You

There are stories that appear to grasp all of my thoughts and loves and ideas right out of thin air and hurl them onto the pages of a book. These moments are few and far between but lately I had that very experience with You, a novel about video game design written by Austin Grossman.

It’s a book that appeared to jump into my bag unexpectedly as soon as I recognised the art style in the bookshop as the front cover was clearly adorned with an illustration from Superbrothers and of course I knew that a special something must lie inside.

You is the story of a games designer and the novel follows this character’s experience of working on a fictitious, open-world RPG for the Realms franchise. This is a series of games about hit points and Dark Elves, ancient mines filled to the rafters with orcs and endless fields sprinkled with wolves, thieves and the occasional ice giant. Yet besides these mysteries, within the code of the game itself lies a world-ending glitch that drives the design team to the brink of insanity; our protagonist must find the glitch before the game ships and save their creation from the quirks and eccentricities of the designer that came before them. It’s a video game murder mystery!

Although reading a book that finally gets what games are all about was terribly exciting, it was Grossman’s curiosity that’s bound up in You that had me on the edge of my seat:

Realms 1.0 was just the beginning: they would build and build into 2.0 and 20.0, into cities and kingdoms and systems within systems and interfaces within interfaces and princesses and starships and submarines and grassy fields and volcanoes and floating cities and laughing gods and blackest hells and on and on, because there would always be something else there over the next hill, beyond the turning in the road, down the dark hallway and into the next room, and somewhere in there you’ll escape at last, escape yourself and forget and forget and forget and live in a story forever.

The first time I played Oblivion, which is a very similar franchise to the fictitious world that Grossman describes, I wondered at the game’s potential, its infinite stories, its open, unbound freedom. For months the shared experiences of this game were cross-examined in friendly arguments and forums online; Oblivion could blossom with so many choices that we all questioned whether or not we had played some part in its design: would we steal that loaf of bread today or would we sneak out underneath the stars?

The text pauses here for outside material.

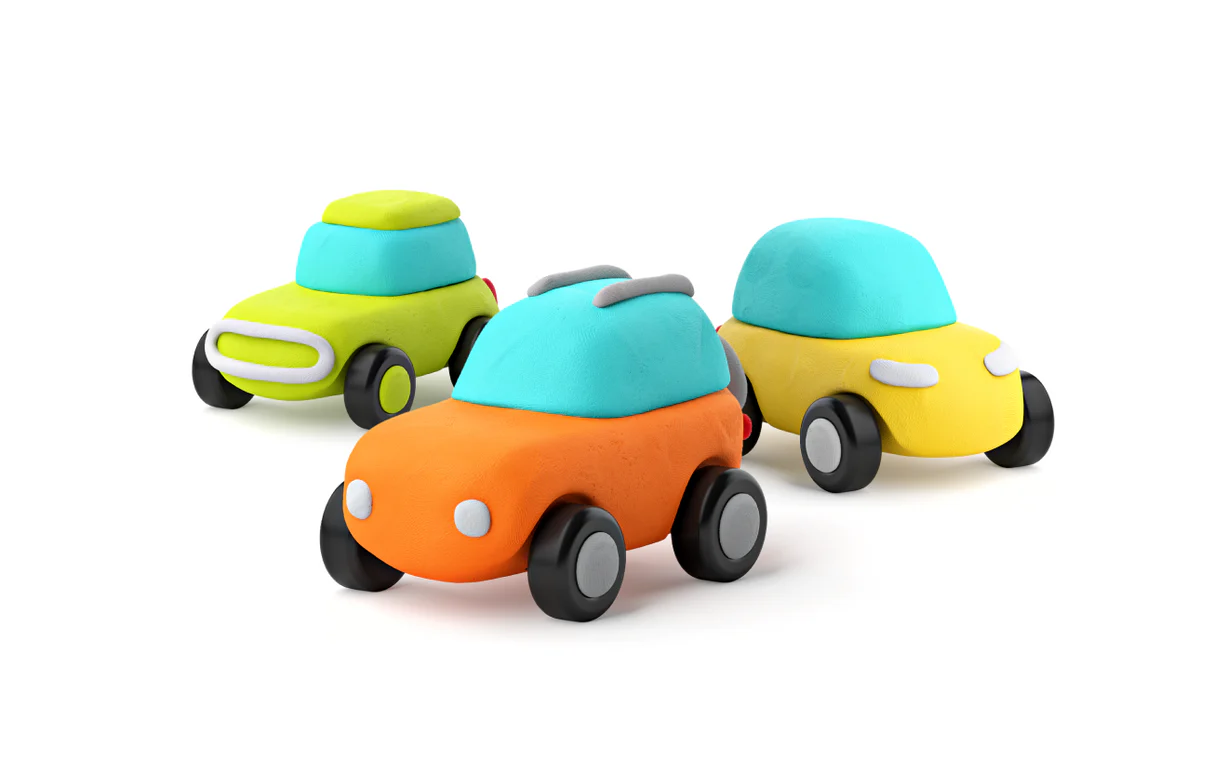 Modelinas Hey Clay - Eko automobiliai su ratais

Would we spend our mornings being chased by wooly mammoths and their giant companions, or would we instead choose to explore the sewers in the hope that we might stumble upon the contaminated lair of the Brotherhood?

As far as I can remember though, Oblivion was never a game which took itself very seriously: the designers were well-aware that the game was about orcs and demons and portals to hellish dimensions, and I’m reminded of it because Grossman captures this feeling precisely with his Realms series, too:

History progressed, blissfully free of historical or political or technological progress. Kingdoms rose and fell over the millennia, but there was no trend toward democracy, no Enlightenment, no industrial modernity, no Luther, no Hume, and absolutely, definitely no gunpowder. No Principia Mathemetica or Declaration of Independence. We held certain truths to be self-evident, but those truths were that elves hate orcs and wizards can’t wear metal armour.

The book also discusses the role of stories in video games, namely, how do you tell a great story without taking away the control of the player? Cutscenes! Level design! The benefits of using fire arrows over magic spells! It’s these sorts of ideas that are discussed in the book and we see the protagonist strip a video game to its most basic components in order to find out how he can put them back together in ways we’ve never seen.